Genetic-Metabolic Coupling for Targeted Metabolic Engineering

Publication date: 1 August 2017
Source:Cell Reports, Volume 20, Issue 5
Author(s): Stefano Cardinale, Felipe Gonzalo Tueros, Morten Otto Alexander Sommer
Production of chemicals in microbes often employs potent biosynthetic enzymes, which can interact with the microbial native metabolism to affect cell fitness and product yield. However, production optimization largely relies on data collected from wild-type strains in the absence of metabolic perturbations, thus limiting their relevance to specific conditions.
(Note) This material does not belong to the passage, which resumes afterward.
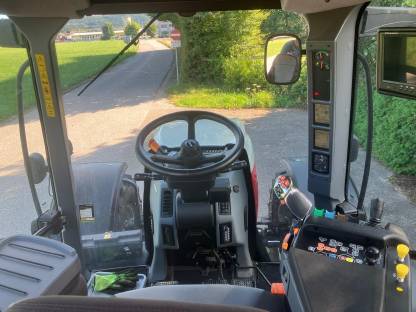 Bild 6:Steyr 6145 PROFI CVT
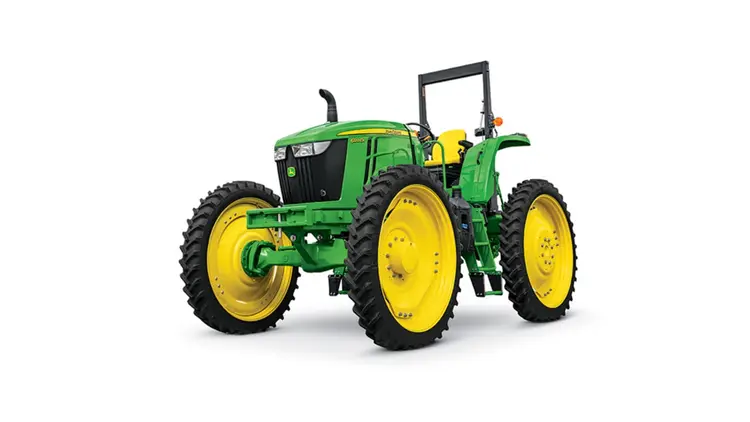 6120EH High-Crop Tractor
Here, we address this issue by coupling cell fitness to the production of thiamine diphosphate in Escherichia coli using a synthetic RNA biosensor. We use this strategy to interrogate a library of transposon mutants and elucidate the native gene network influencing both cell fitness and thiamine production. Ultimately, we identify effectors of the OxyR-Fur stress response that limit thiamine biosynthesis via alternative regulation of iron storage and Fe-S cluster inclusion in enzymes. This study presents a new approach for the reliable high-throughput identification of genetic targets of both known and unknown function that are directly relevant to a specific biosynthetic process.

Graphical abstract

Teaser

Cardinale et al. investigate the specific impact on the cell of synthetic metabolic pathways. By linking the growth of bar-coded mutants with end-product biosensing in E. coli, the authors identify genetic targets in the cellular Fe-S cluster biosynthesis specifically affecting the production of recombinant thiamine.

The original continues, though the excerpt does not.